Icemaker Call for Water
The same thing happens during an icemaker call for water – except that D1 is activated and D2 blocks any voltage from getting to the dispenser solenoid. Remember that RED denotes a full sine wave and PINK is only a half-cycle.
Both Icemaker and Dispenser Valves Energized
The possibility certainly exists that the icemaker will fill while the user is pressing the dispenser lever. Both the icemaker valve solenoid and dispenser solenoid will then be energized simultaneously. This is because a full sine wave is sent to both the icemaker and dispenser valve as denoted in RED. However, only the positive half-cycle makes it to the safety (main) valve as shown in PINK. This arrangement allows all three valves to be energized simultaneously.
Shorted Diode with Dispenser Lever Pressed
A common failure point in these circuits is a shorted diode. What happens when a user presses the dispenser lever with a shorted dispenser diode (D2) in the circuit? Both the dispenser and safety (main) valve solenoids are energized with a full sine wave as shown in RED. Since a full sine wave appears at the main valve, the negative half-cycle will make its way backwards through diode D1 (since a negative voltage can push current “against” the arrow). This negative half-cycle is 85v RMS and enough to energize the icemaker valve. The net effect is that when the user goes to get dispensed water, the icemaker also fills. In fact, regardless of which diode is shorted – no matter which mode is called (dispense or icemaker water), all solenoids will energize.
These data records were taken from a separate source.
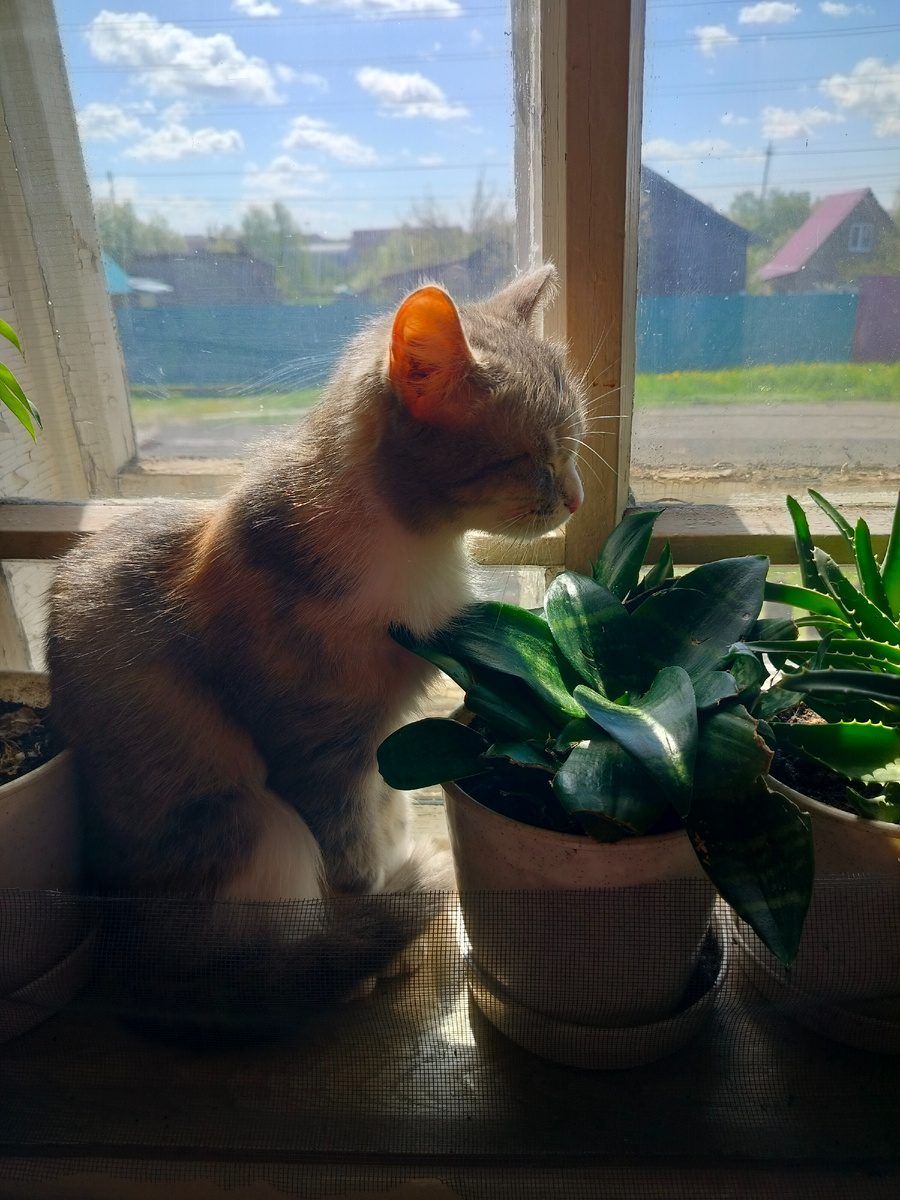 Кстати, тут видна сетка, которую муж мне прикрутил к стене, чтобы горшки с цветами не падали.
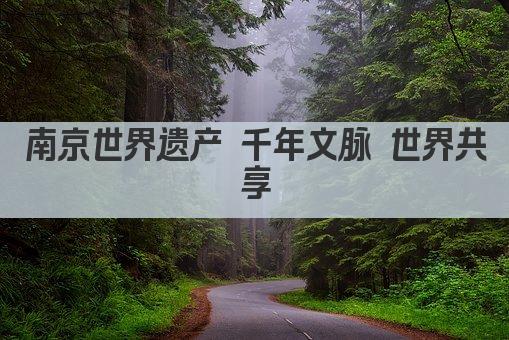 南京世界遗产 千年文脉 世界共享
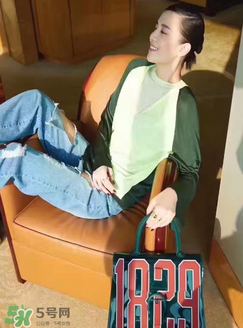 delvaux1829包多少錢(qián)？delvaux1829透明手袋專柜價(jià)格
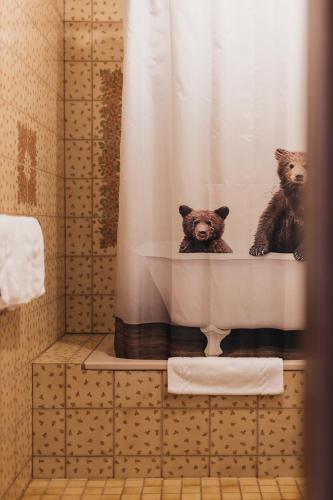 Hotel Bären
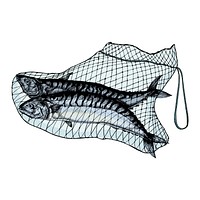 Hand drawn catched mackerels on the net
This fact is a good thing to remember if you ever encounter this stated symptom for a case.
Note that although the safety (main) valve normally reads 85v or less, a shorted diode causes it to get 120v. A common question is whether that will damage the valve. It’s unlikely because the valves are usually rated at 120v.
Summary
Diode-based logical control of inlet valve solenoids is quite common in refrigerators. Technicians will eventually encounter them – and should understand how they work, and what symptoms are likely to accommodate diode failures.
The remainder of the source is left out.